22日(現地時間)、米IT専門メディアのThe Informationなどによると、アルトマン氏は最近、インドメディアとのインタビューで、「現時点でデータセンターを宇宙に配置するという発想は、正直に言ってばかげている」と述べた。
一方、マスク氏は、地上での電力不足や冷却設備コストの急増といった問題を解決する代替策として、宇宙データセンター構想を推進してきた。人工衛星にAIチップを大量に搭載し、宇宙空間で直接データ処理を行うこの方式は、長期的に運用効率を最大化できるとみられている。さらに、この構想の実現に向け、宇宙企業のスペースXとAIスタートアップのxAIの統合および上場を推進しており、改めて注目を集めている。
しかし、業界では、高い打ち上げコストや設備修理に伴う現実的な制約を踏まえると、経済性は低いとの指摘が多い。これまでたびたびマスク氏と対立してきたアルトマン氏が、今回こうした否定的な見解を公に示した形だ。
アルトマン氏が慎重な見方を示す背景には、宇宙空間でのAIチップの維持・保守の難しさがある。同氏は「宇宙空間では、故障したグラフィック処理装置(GPU)の修理方法を考えなければならないが、現時点の技術はまだその段階に達していない」と説明した。その上で、「宇宙はさまざまな分野にとって有用な空間だ」としつつも、「宇宙データセンターが今後10年以内に重要な存在になる可能性は低い」と強調した。
ただし、アルトマン氏や業界の懐疑的な見方にもかかわらず、世界の主要テクノロジー企業は宇宙データセンターの構築競争に相次いで参入している。

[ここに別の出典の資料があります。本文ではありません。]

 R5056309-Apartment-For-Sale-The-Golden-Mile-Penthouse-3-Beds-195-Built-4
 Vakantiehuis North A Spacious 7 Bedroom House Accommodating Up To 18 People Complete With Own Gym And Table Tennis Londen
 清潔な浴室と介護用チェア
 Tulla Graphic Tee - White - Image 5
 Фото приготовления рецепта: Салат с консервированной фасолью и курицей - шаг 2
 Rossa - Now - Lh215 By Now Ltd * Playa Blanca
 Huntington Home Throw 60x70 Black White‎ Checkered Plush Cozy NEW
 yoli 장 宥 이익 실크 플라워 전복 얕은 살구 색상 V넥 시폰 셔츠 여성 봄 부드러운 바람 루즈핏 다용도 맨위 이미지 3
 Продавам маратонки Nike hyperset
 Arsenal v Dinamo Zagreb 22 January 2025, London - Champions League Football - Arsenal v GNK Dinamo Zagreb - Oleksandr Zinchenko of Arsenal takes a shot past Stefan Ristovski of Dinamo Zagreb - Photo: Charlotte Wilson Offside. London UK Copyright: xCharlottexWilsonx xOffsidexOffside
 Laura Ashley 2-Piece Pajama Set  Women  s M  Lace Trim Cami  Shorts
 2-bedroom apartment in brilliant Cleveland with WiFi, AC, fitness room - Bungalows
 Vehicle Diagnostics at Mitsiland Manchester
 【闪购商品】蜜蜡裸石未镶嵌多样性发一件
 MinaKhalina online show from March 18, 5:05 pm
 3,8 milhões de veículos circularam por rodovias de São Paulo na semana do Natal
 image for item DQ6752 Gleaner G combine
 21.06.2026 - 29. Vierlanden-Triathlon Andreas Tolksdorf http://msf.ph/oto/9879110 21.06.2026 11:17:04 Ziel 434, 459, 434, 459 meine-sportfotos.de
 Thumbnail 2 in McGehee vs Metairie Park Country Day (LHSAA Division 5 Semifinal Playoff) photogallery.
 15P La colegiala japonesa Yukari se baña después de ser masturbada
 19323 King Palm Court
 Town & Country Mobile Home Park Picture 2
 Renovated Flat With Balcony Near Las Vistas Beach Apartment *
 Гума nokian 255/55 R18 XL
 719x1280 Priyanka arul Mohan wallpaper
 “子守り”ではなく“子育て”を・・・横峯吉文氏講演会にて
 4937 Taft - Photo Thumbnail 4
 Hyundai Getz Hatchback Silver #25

その代表例として、グーグルが昨年11月に発表した「プロジェクト・サンキャッチャー」が挙げられる。このプロジェクトは、同社の独自AIチップであるテンソル処理装置(TPU)を搭載した人工衛星を打ち上げ、宇宙空間で直接データ処理を行うことを目指すものだ。また、Business Insiderは、「他のテクノロジー企業のリーダーたちも宇宙データセンター競争に加わっている」と指摘した。